→ **EXERCISE GOAL**
From the first line to the last, repeat the data exactly and drop the pictures.

→ **DATA BELOW**
○ ○ ○ ○

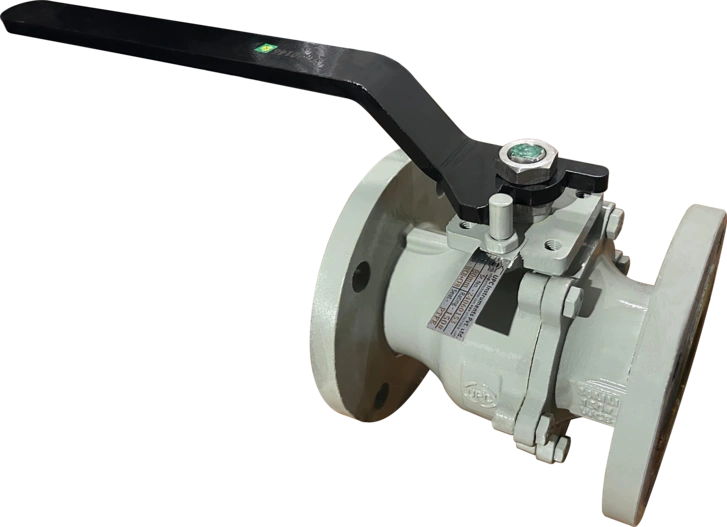 SS316 Two Piece Flange End Ball Valve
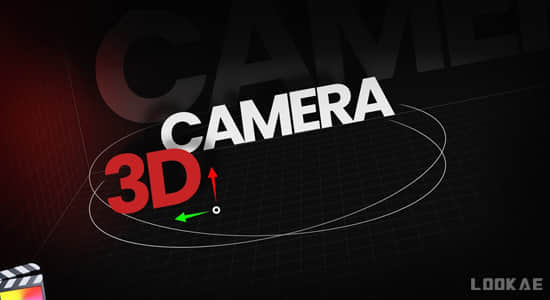 FCPX插件-30种三维摄像机画面透视变换运动预设 3D Camera-精品资源站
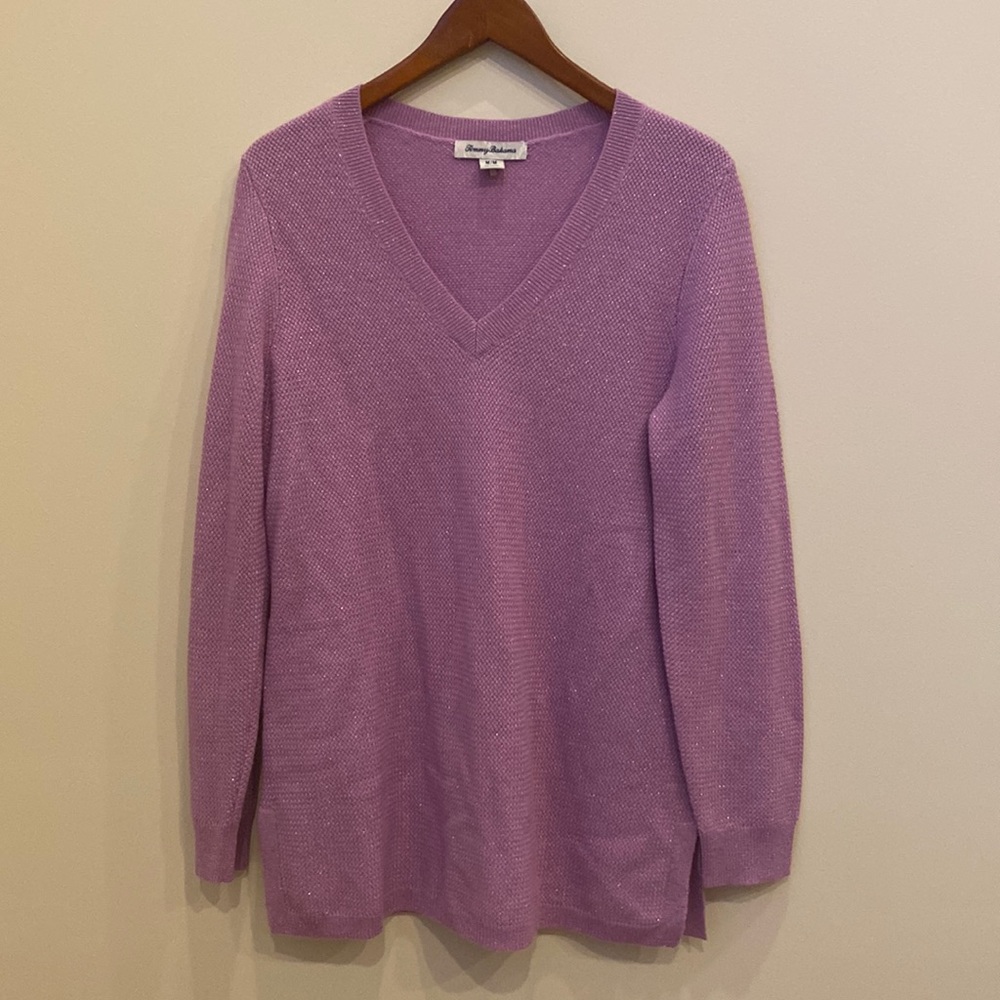 Tommy Bahama Merino Wool Cashmere Blend V-Neck Sweater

○ ○ ○ ○

→ **SOLUTION TO THIS PROBLEM**
 SS316 Two Piece Flange End Ball Valve
 FCPX插件-30种三维摄像机画面透视变换运动预设 3D Camera-精品资源站
 Tommy Bahama Merino Wool Cashmere Blend V-Neck Sweater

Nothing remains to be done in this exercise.